Débuter une série chorale est toujours un exercice périlleux. Où toute l’habileté du scénariste consiste, en bon équilibriste, à marier l’assurance à la beauté du geste. Ici, il est secondé par le réalisateur. Modèle du genre, la première séquence de la série associe l’art de l’introduction à la fluidité du mouvement permanent. Plongé dans le rush matinal, on découvre les différents personnages dans leur tâche, souligné par un bref échange afin de cerner leur rôle, leur psychologie élémentaire et la géographie de la maison. La réalisation privilégiera le plan séquence (à la steadicam) pour apprécier le fourmillement ordonné et rebondir de personnages en personnages sans subir les syncopes de la coupure.

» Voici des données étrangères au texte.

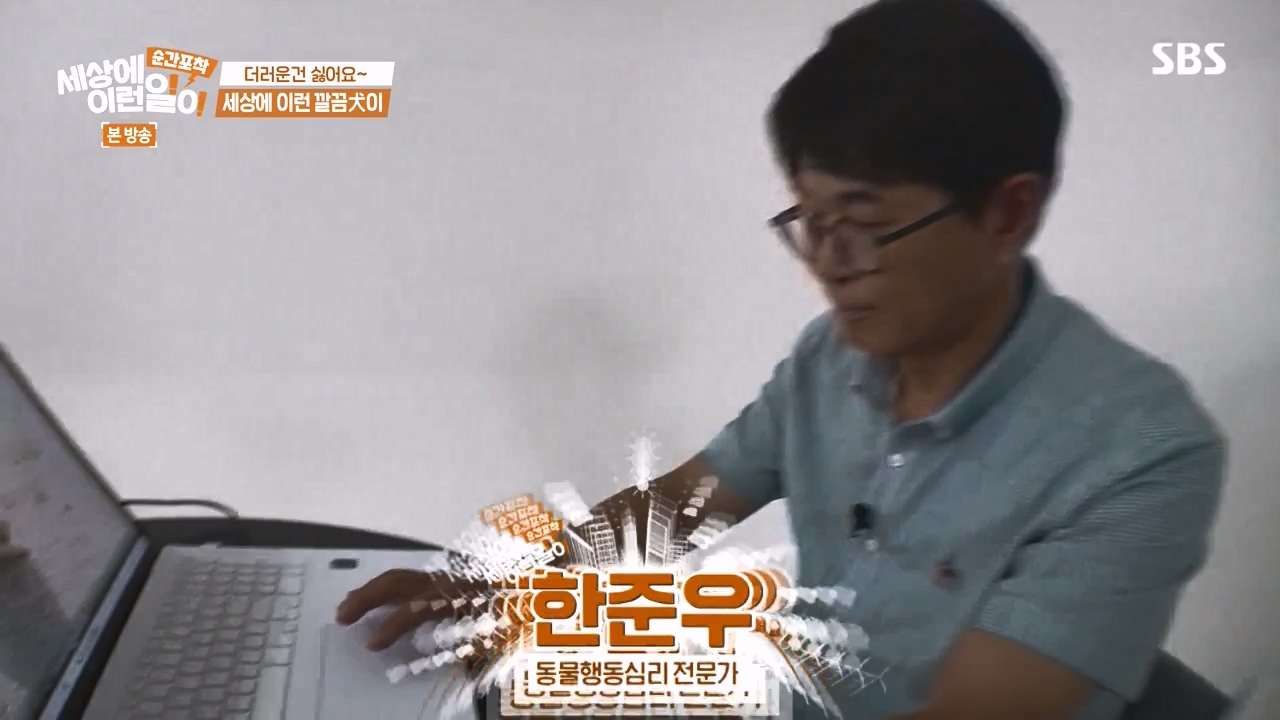 순간포착 세상에 이런일이.E1243.230827p-NEXT.mp4_20230827_173824.418.jpg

L’enjeu critique ne repose pas sur cette séquence, mais sans cette dernière, l’articulation du récit aurait sans doute posé bien plus de problèmes. Downton Abbey tisse un nombre important d’intrigues. Des trajectoires (plusieurs par personnages) longues ou condensées, rectilignes ou angulaires, qui dessinent un ensemble complexe aux multiples ramifications mais conservent une lisibilité irréprochable. De cette profusion luxuriante, Julian Fellowes élabore des récits à la simplicité insolente. Ce qui se joue, à Downton Abbey, ne possède aucun caractère novateur ou inventif. C’est l’agencement des intrigues associée à une direction artistique exquise (interprétation comme réalisation) qui élève la série à un niveau canonique.

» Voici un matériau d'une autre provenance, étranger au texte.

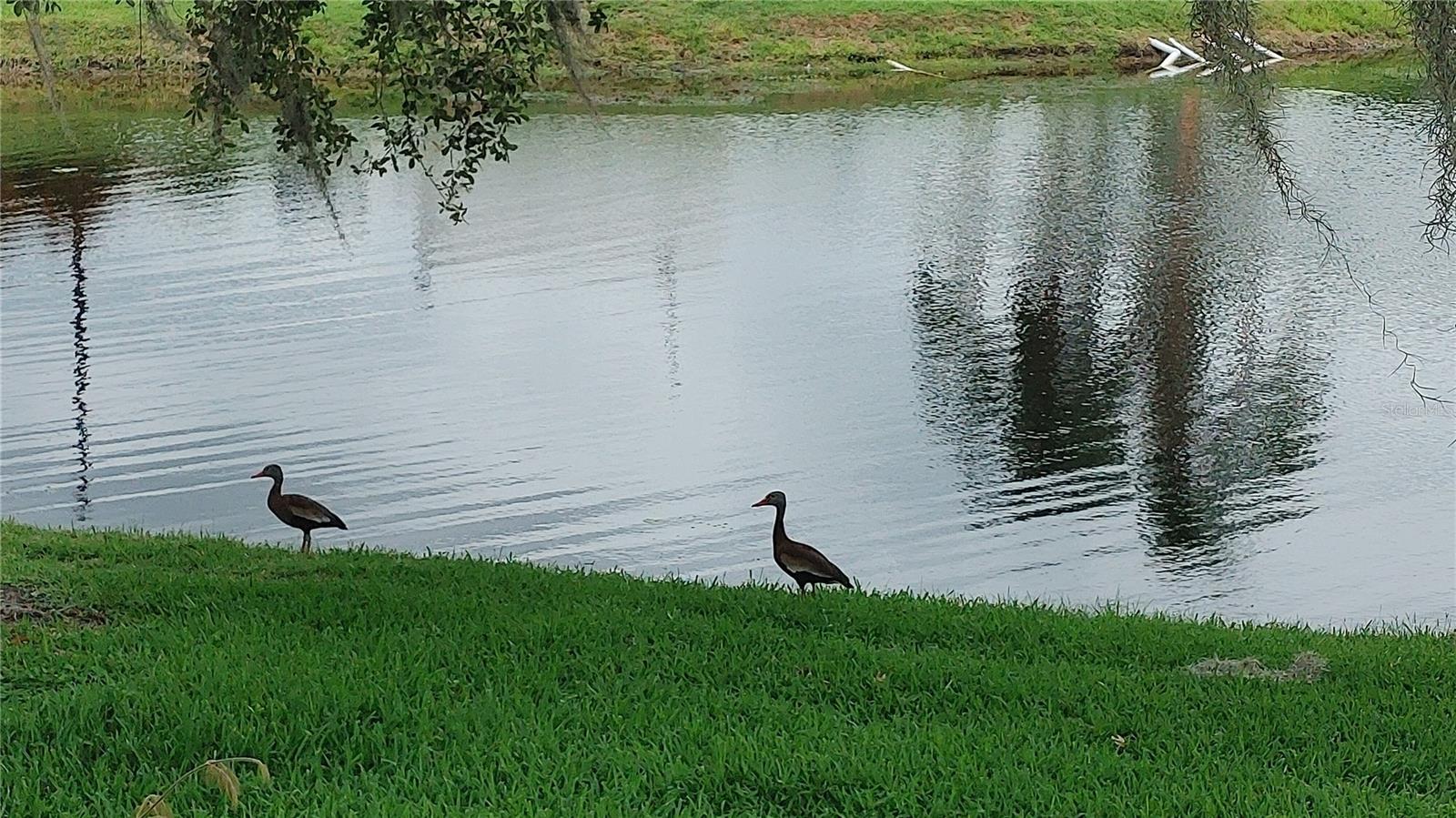Photo #4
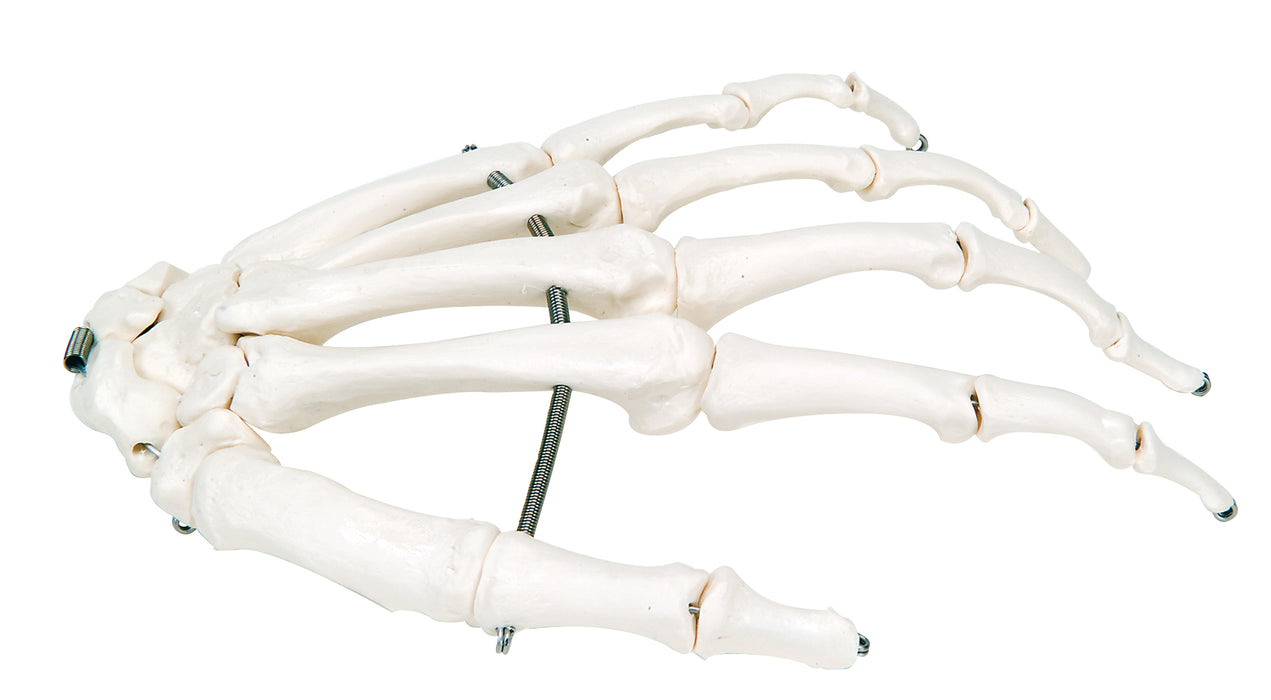 3B Scientific Anatomical Model - Loose Bone Models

La force de la série tient dans la dimension humaine de ses intrigues, son humilité et la foi en ses personnages. Par l’attention portée aux détails, l’application minutieuse qui caractérise chacun des micro-récit. Sobriété absolue (très anglaise dira-t-on), qui trouve, dans la dimension domestique de la série, le loisir d’exprimer des émotions essentielles. Tout l’art de Julian Fellowes repose la puissance dramatique donnée à des situations au potentiel a priori faible. Une histoire d’amour trouve grâce auprès du téléspectateur par le non-dit et l’extrême douceur qui se dégage du couple lorsqu’ils sont seuls à l’écran ; la fin du pilot offre un moment jubilatoire, l’issue était pourtant prévisible, mais la scène conserve malgré tout son intensité ; la rage nous habite face aux esprits machiavéliques qui animent certains personnages. Toutes les séquences fonctionnent parce que le scénariste accorde un soin particulier à les mettre en valeur. Pas besoins d’élaboration ambitieuse dans la forme ou de grands coups de théâtre pour apporter du crédit à son récit. La richesse vient aussi de la simplicité.

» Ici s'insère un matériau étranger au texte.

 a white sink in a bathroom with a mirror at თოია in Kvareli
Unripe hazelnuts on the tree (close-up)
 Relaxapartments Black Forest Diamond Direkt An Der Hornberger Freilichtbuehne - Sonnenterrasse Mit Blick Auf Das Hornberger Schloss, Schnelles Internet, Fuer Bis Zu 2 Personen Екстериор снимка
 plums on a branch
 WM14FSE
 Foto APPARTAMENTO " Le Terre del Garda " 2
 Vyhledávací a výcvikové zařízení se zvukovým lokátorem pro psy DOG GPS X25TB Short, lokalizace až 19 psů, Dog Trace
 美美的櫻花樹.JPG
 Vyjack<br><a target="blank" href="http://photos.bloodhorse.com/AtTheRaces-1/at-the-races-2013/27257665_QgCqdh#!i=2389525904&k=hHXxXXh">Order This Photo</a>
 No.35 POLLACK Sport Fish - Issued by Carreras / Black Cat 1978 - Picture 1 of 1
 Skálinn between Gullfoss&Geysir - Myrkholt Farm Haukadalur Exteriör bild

Cycle : Période dont le terme correspond au retour de certains phénomènes, qui se reproduisent dans le même ordre. Cette saison n’est pas loin de correspondre à cette définition, dans un sens non péjoratif. Durant les deux années que constituent la saison, de nombreux évènements se sont produits. Mais en regardant les dernières images, on ne peut s’empêcher de trouver un certains mimétisme avec les premières et au statu quo observé sur certains personnages ou situations. Cet immobilisme est un leurre, bien sûr. Mais il introduit un fait intéressant : Ici, le contexte historique influe sur la destiné des acteurs du récit. Comprendre qu’ils sont soumis à l’évolution d’une époque qui se modernise. Fin d’une ère, ce retour à un point de départ vicié ne serait-il pas synonyme d’une rupture dans la tradition ? L’avenir de Downton Abbey, son héritage, resteront probablement au cœur d’une seconde saison que l’on attendra avec beaucoup d’impatience.